What you need to do:
Begin at the line below that holds "A MATCHED AND" and end at the line that holds "FILE- In this", transcribing each line exactly and skipping any picture.

(Dataset excerpts)
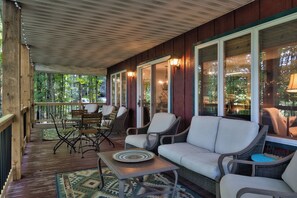Un espace extérieur aménagé, abrité et doté de mobilier en osier, d’une table et offrant une vue sur la verdure environnante.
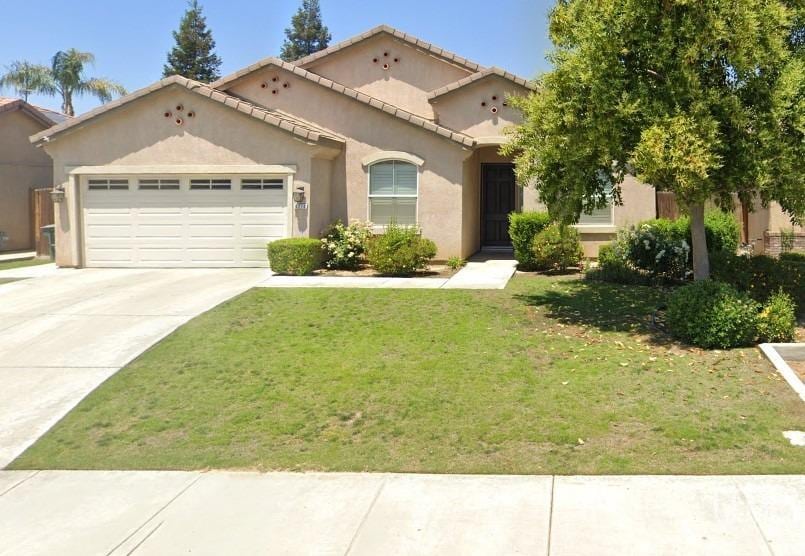 6210 Baguette Ave, Bakersfield, CA 93313 - mediterranean / spanish house featuring an attached garage, stucco siding, a front lawn, driveway, and a tiled roof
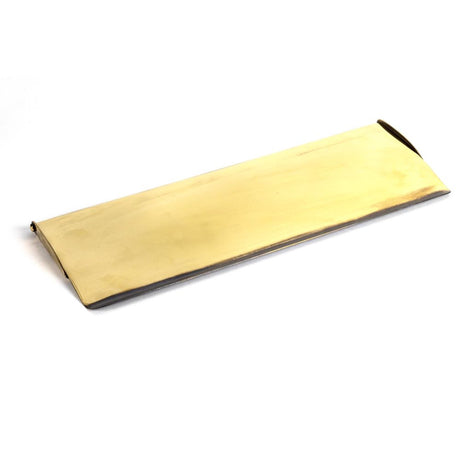 This is an image showing From The Anvil - Aged Brass Large Letter Plate Cover available from trade door handles, quick delivery and discounted prices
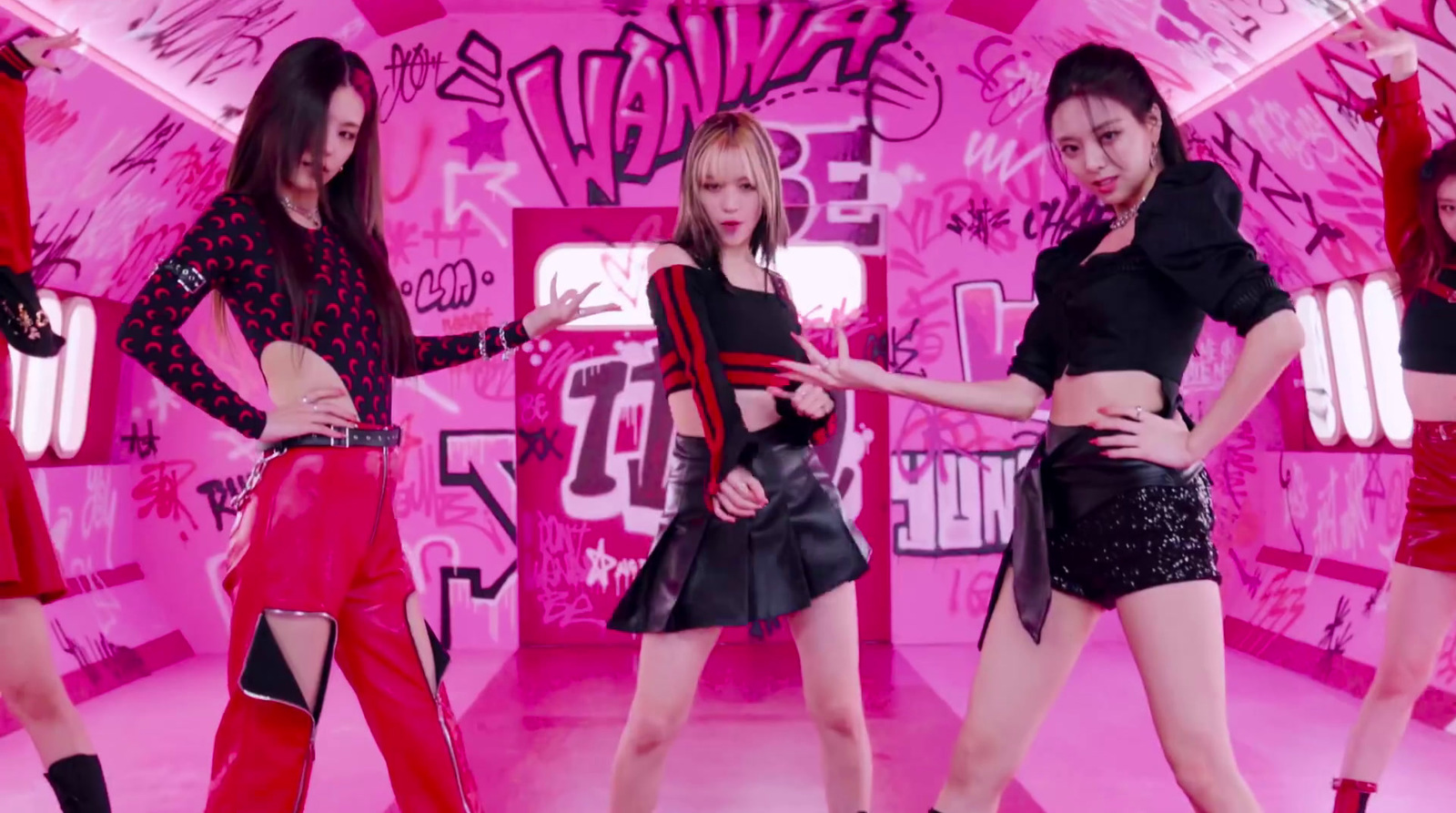 a group of girls standing in front of a pink wall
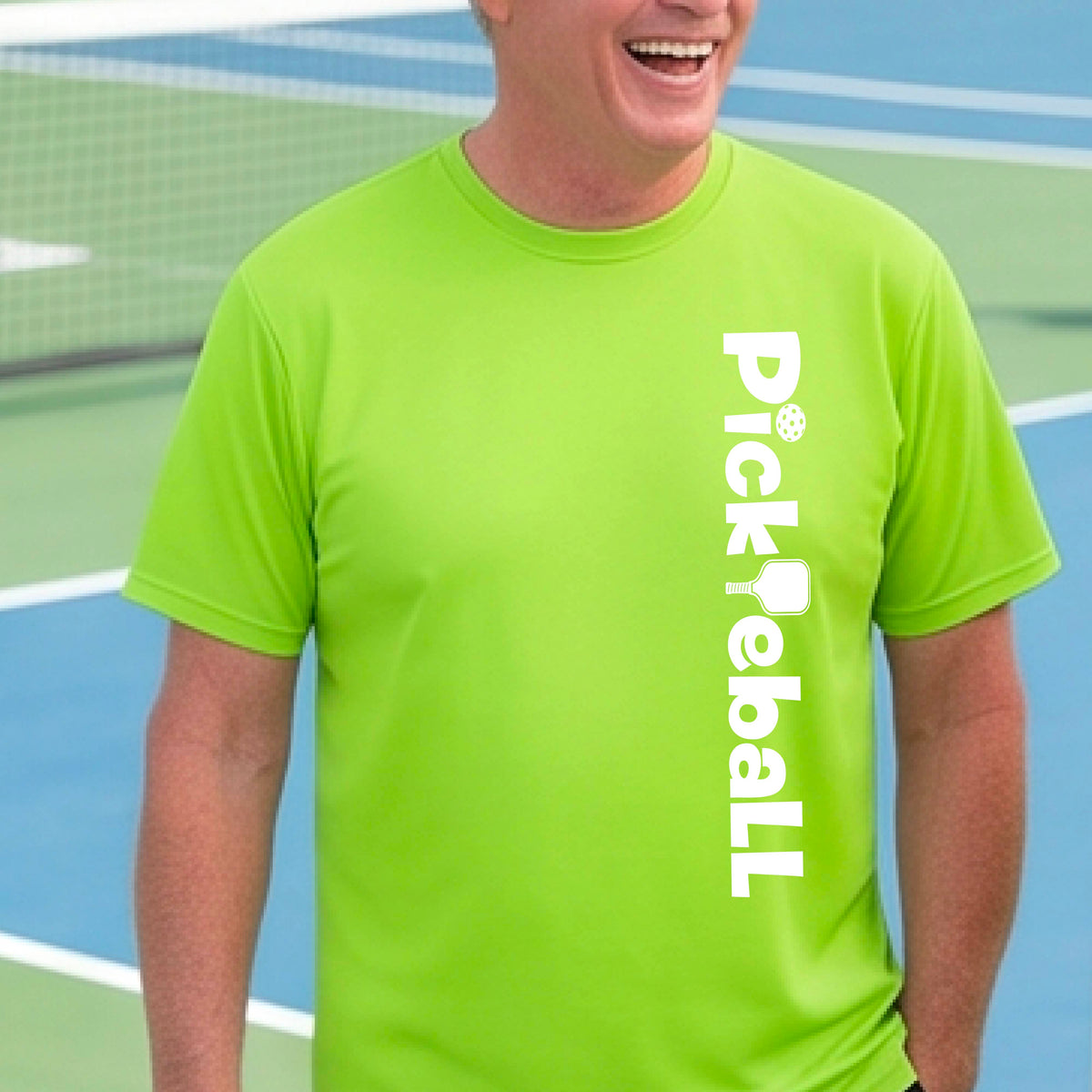 A man wearing a lime green short-sleeve t-shirt with a white graphic text 'PICKLEBALL' with a pickleball paddle replacing the L, on the front, standing on a pickleball court.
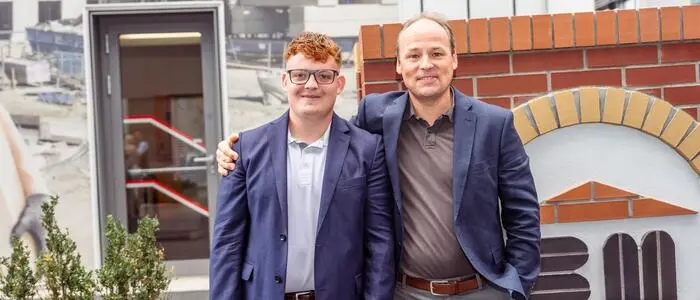Zwei Männer stehen neben einer Backsteinwand und lächeln für die Kamera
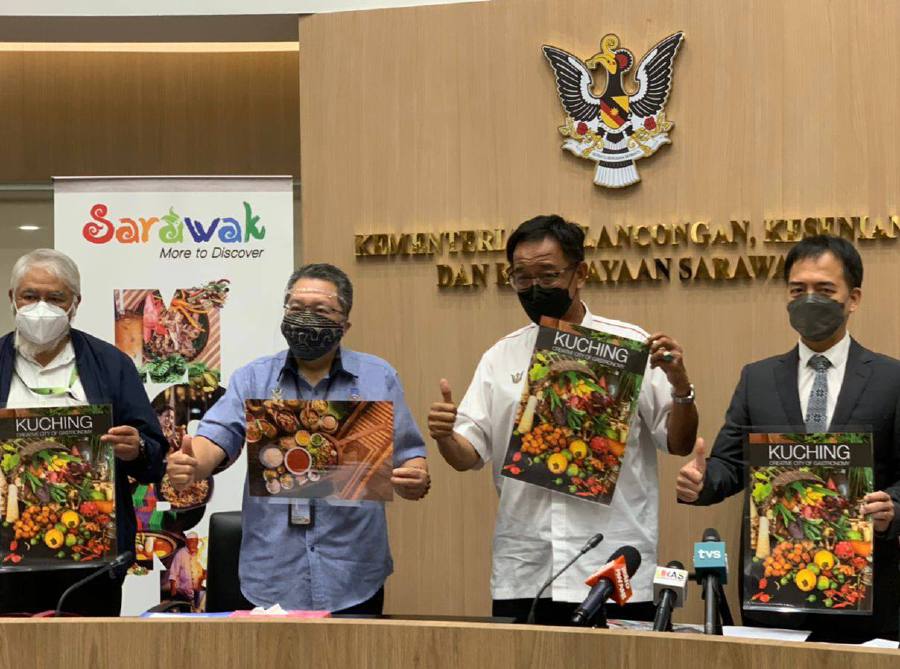 Sarawak Tourism, Arts and Culture Minister Datuk Abdul Karim Rahman Hamzah (second right) announces that Kuching city is now a new member of Unesco Creative Cities Network (UCCN), together with MBKS Mayor (third right) Wee Hong Seng. - Courtesy pic Sarawak Tourism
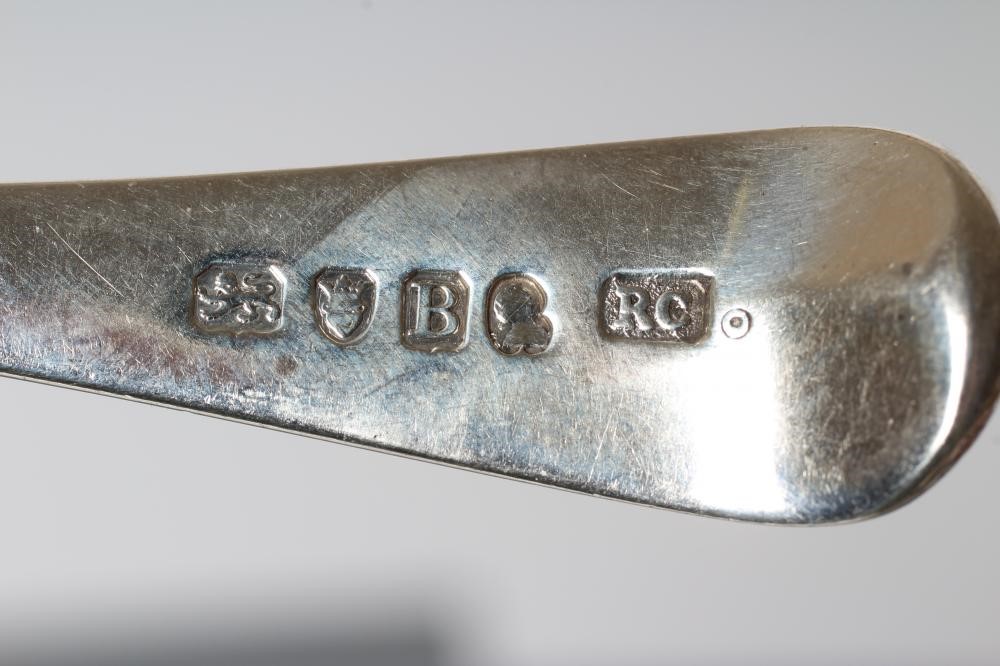 A MATCHED AND COMPOSITE GEORGE III SILVER TABLE SERVICE Image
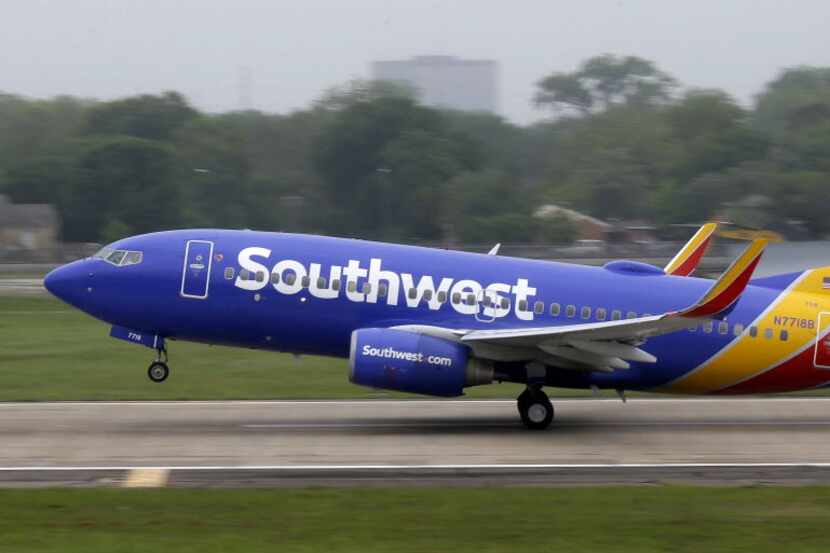 FILE- In this April 23, 2015, file photo, a Southwest airlines jet takes off from a runway...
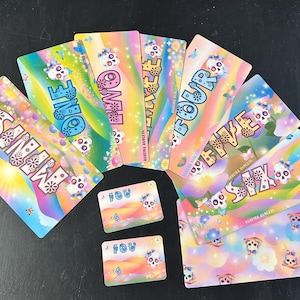 May include: A collection of colorful cards with a rainbow gradient design. The cards feature the words "SANMAN" and numbers "ONE" through "SIX" in a whimsical font, along with sugar skull illustrations and floral accents. Two smaller cards with "IOU" text are also present.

Result:
 A MATCHED AND COMPOSITE GEORGE III SILVER TABLE SERVICE Image
 FILE- In this April 23, 2015, file photo, a Southwest airlines jet takes off from a runway...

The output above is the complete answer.